In its statement on Tuesday, The Journal said that it “continues to be outrageous that Evan has been wrongfully detained by the Russian government for more than a year.”

“Evan’s freedom is long overdue, and we urge the administration to do everything in their power to secure his release,” the statement said.

Unlike at many other hearings, reporters were allowed into the courtroom on Tuesday. According to Reuters, Mr. Gershkovich stood in a glass box and greeted his media colleagues. The Associated Press described Mr. Gershkovich as looking relaxed.

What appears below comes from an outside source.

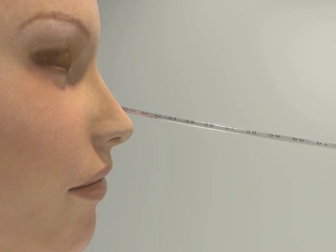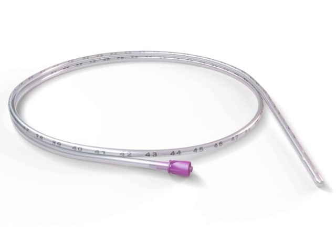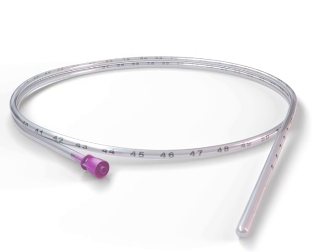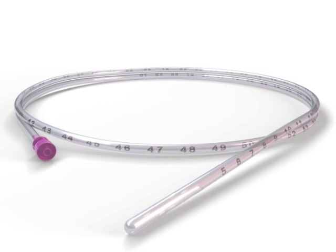Document the first visible measurement mark at the tip of the nose in order to detect any future tube displacement. If appropriate, hand the patient a glass of water. Lubricate the tube with gel.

At the end of March last year, Mr. Gershkovich was arrested by agents of the Federal Security Service, Russia’s main security service, while on a reporting trip to Yekaterinburg, a major Russian industrial city east of Moscow.

The security service has not publicly presented any evidence to support the spying charge. In February, President Vladimir V. Putin claimed that Mr. Gershkovich “was receiving classified, confidential information” and “did it covertly.”

Mr. Gershkovich’s arrest was one in a series of detentions of American nationals in Russia over the past six years, a process that has raised fears that the Kremlin is seeking to use U.S. citizens as bargaining chips to be exchanged for Russian individuals held in the West.

In February, Mr. Putin said that talks were underway over a potential exchange of Mr. Gershkovich for a Russian national held abroad. In March, a Russian deputy foreign minister, Sergei A. Ryabkov, told TASS, a state news agency, that prisoner exchange talks were conducted “through a specialized closed channel.”